To view task logs, perform the following steps: On the Job Management page, click Training jobs and then click the name of the job that you want to view. On the Task log tab, view the error messages.
The following table describes the error messages and the corresponding solutions.
Error type
Error message
Solution
Input and output-related errors
ValueError: output channel ${your OSS uri} must be directory
Check whether the output path of the training is a folder. The output path must be a folder.
ValueError: train must be a file
Check whether the selected input path is a file. The input path must be a file.
FileNotFoundError
Check whether the selected input path contains a file that meets the requirements.
JSONDecodeError
Check whether the format of the input JSON file is correct.
ValueError: Input data must be a json file or a jsonl file!
Check whether the input file is valid. Only JSON and JSONL files are supported.
KeyError: ${some key name}
In most cases, this error occurs when the training dataset file that you use is in the JSON format. Check whether the key-value pairs in the training dataset file meet the model requirements. For information about the requirements, see the model description page.
ValueError: Unrecognized model in /ml/input/data/model/.

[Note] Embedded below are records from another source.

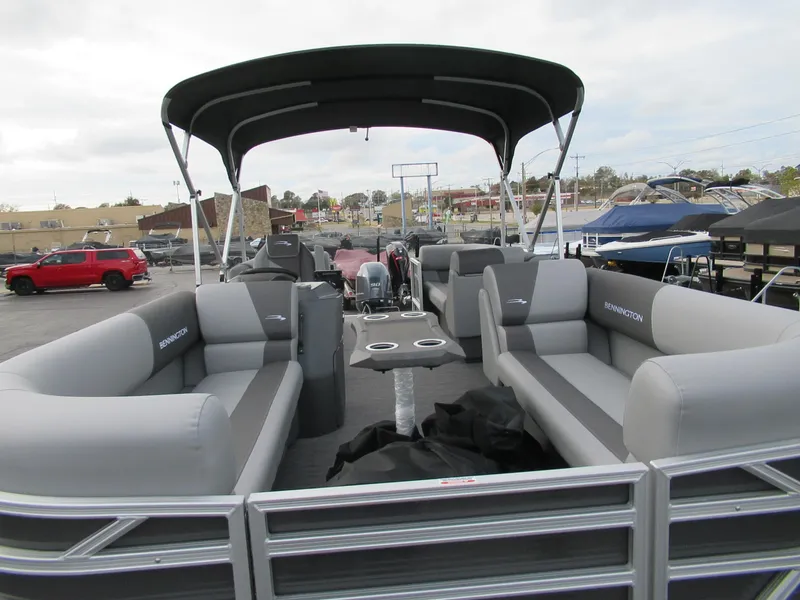 Slide: The Image of 2024 Bennington 20 SVSR pontoon boat with spacious seating and canopy. - 2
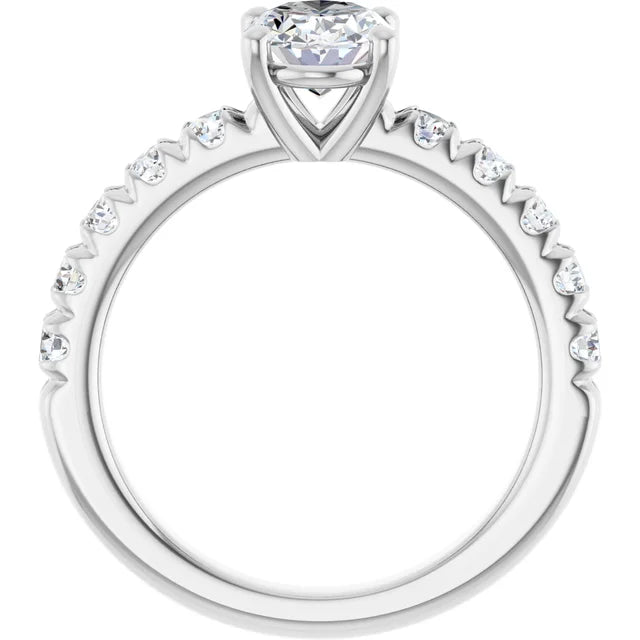 Oval White Gold Four Claw Set Style Engagement Ring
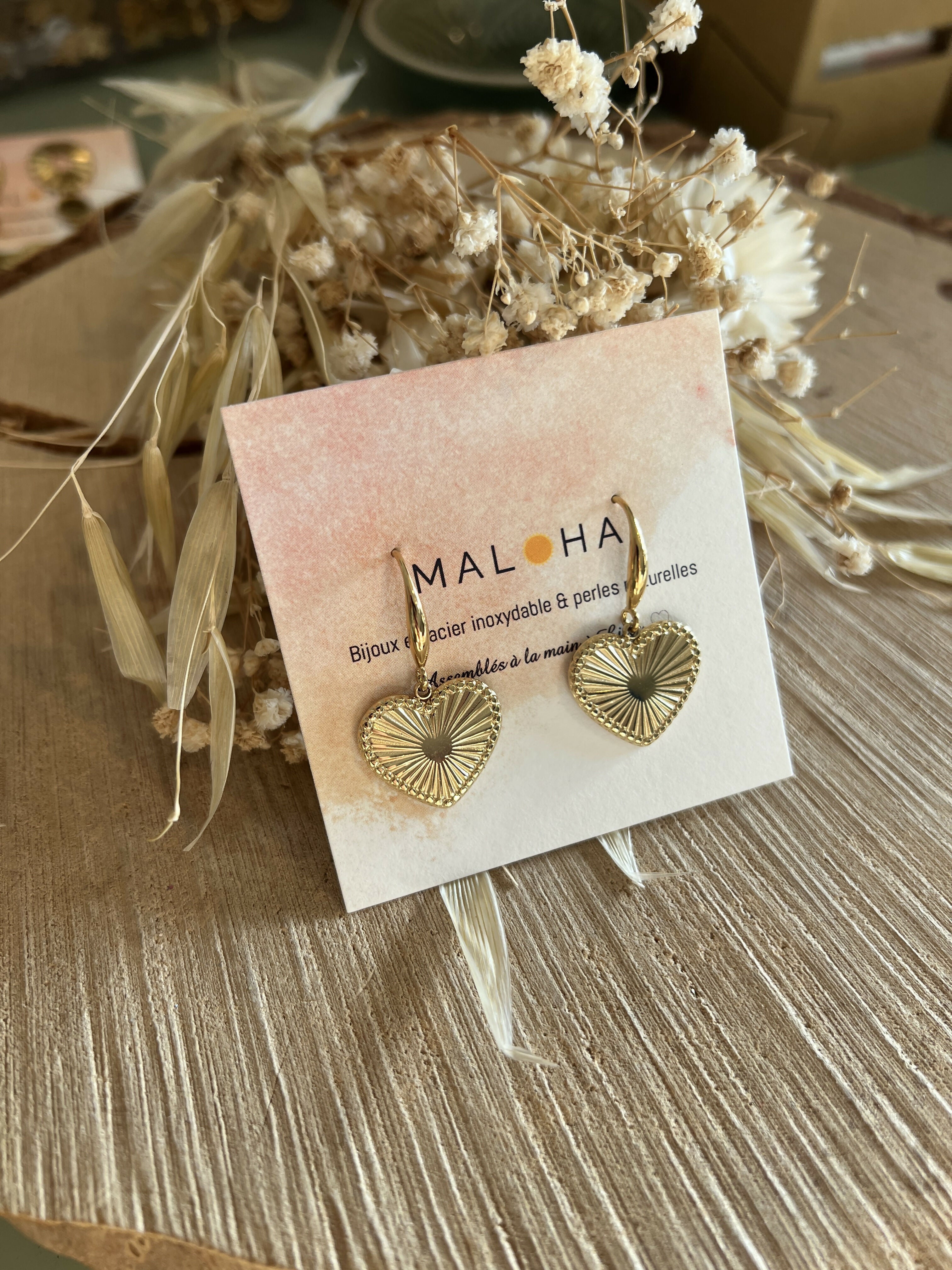 Dangling earrings, large golden hearts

PyTorch cannot recognize the provided model file.
UnicodeDecoderError
Check whether the encoding format of the input file is valid.
Input/output error
Check the read permission of the input path and the read/write permission of the output path.

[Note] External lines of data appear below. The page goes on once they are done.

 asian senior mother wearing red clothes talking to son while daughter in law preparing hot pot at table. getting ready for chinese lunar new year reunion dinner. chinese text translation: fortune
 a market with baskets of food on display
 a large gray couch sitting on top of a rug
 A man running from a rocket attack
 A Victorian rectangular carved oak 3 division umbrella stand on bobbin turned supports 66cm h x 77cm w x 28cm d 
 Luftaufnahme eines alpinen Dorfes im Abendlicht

NotADirectoryError: [Errno 20] Not a directory:
Check whether the input or output path is a folder.
Hyperparameter-related errors
ERROR: torch.distributed.elastic.multiprocessing.api:failed (exitcode: -9) local_rank: 0 (pid: 51) of binary: /usr/bin/python (no subprocess-related logs)
The current model has insufficient memory and Out of Memory (OOM) occurs when the model is loaded. Select a model that has a larger memory size.
torch.cuda.OutOfMemoryError: CUDA out of memory
The GPU memory of the current instance is insufficient. Select a GPU-accelerated instance that has a larger GPU memory size or modify the configuration of related hyperparameters, such as, lora dim, or batch size, to reduce the required GPU memory.
ValueError: No closing quotation
The algorithm fails to generate a training command because a single
quotation mark (")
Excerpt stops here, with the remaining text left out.